→ **Exercise**
From top to bottom, print the listing word for word and skip any pictures it contains.

→ **Data provided**
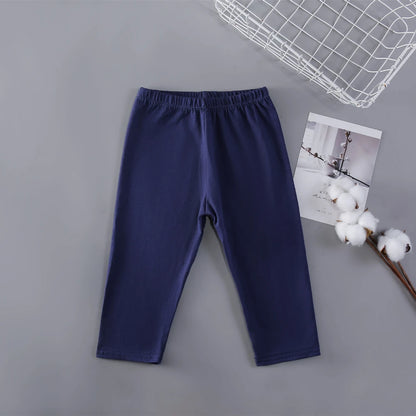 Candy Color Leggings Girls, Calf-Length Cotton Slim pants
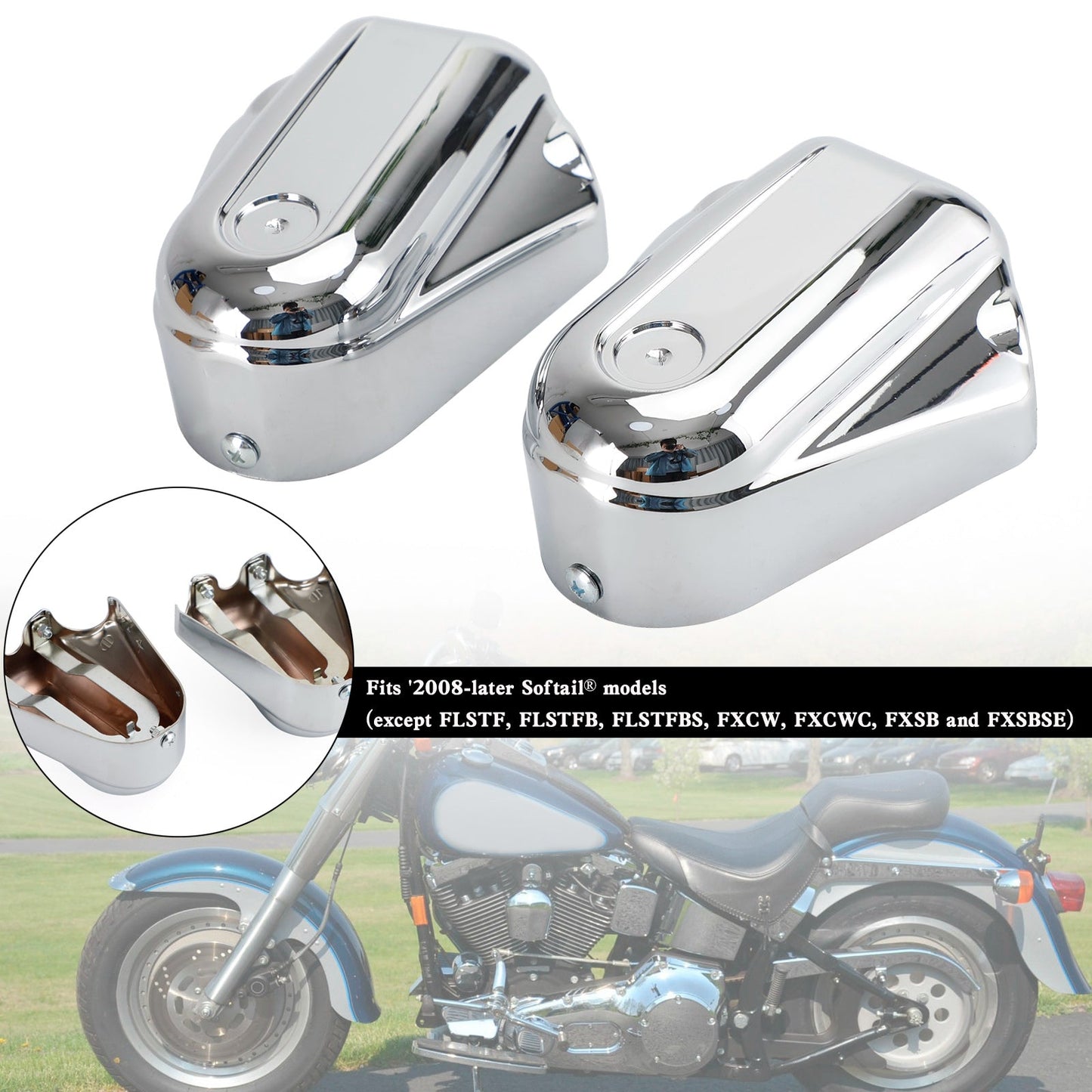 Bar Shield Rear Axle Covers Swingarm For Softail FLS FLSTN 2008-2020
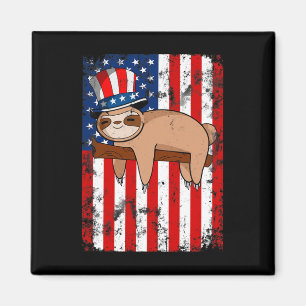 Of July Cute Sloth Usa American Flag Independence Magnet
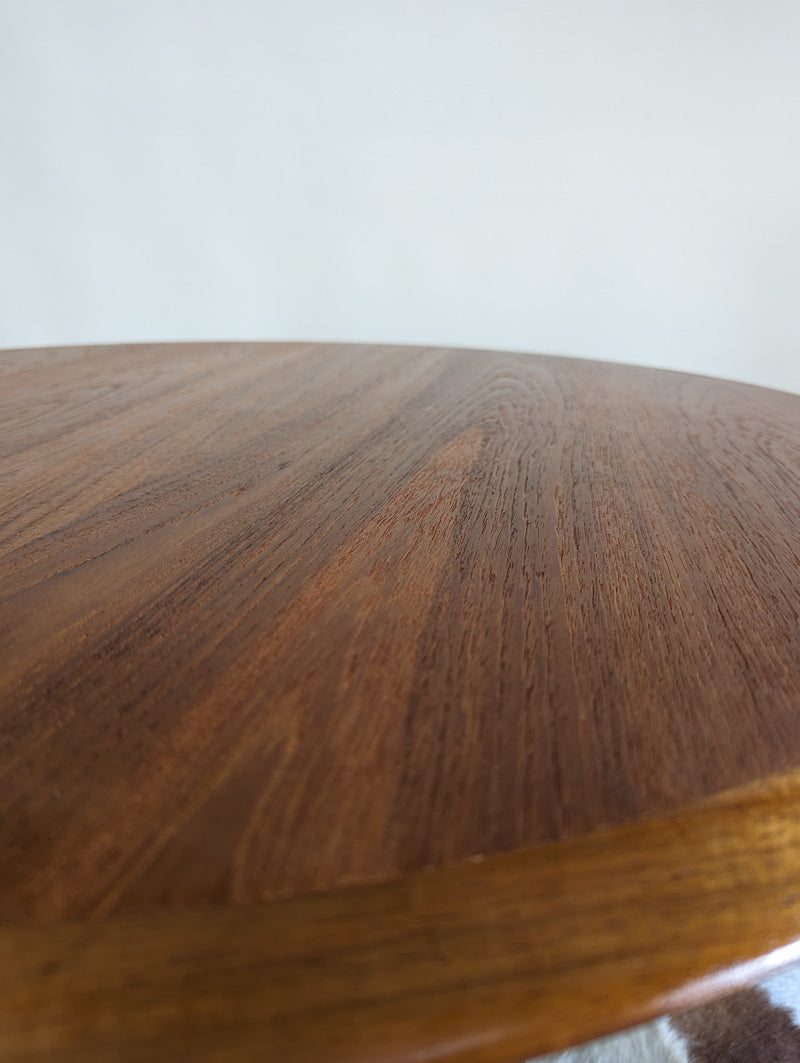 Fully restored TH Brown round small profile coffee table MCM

→ **Reply**
 Candy Color Leggings Girls, Calf-Length Cotton Slim pants
 Bar Shield Rear Axle Covers Swingarm For Softail FLS FLSTN 2008-2020
 Of July Cute Sloth Usa American Flag Independence Magnet
 Fully restored TH Brown round small profile coffee table MCM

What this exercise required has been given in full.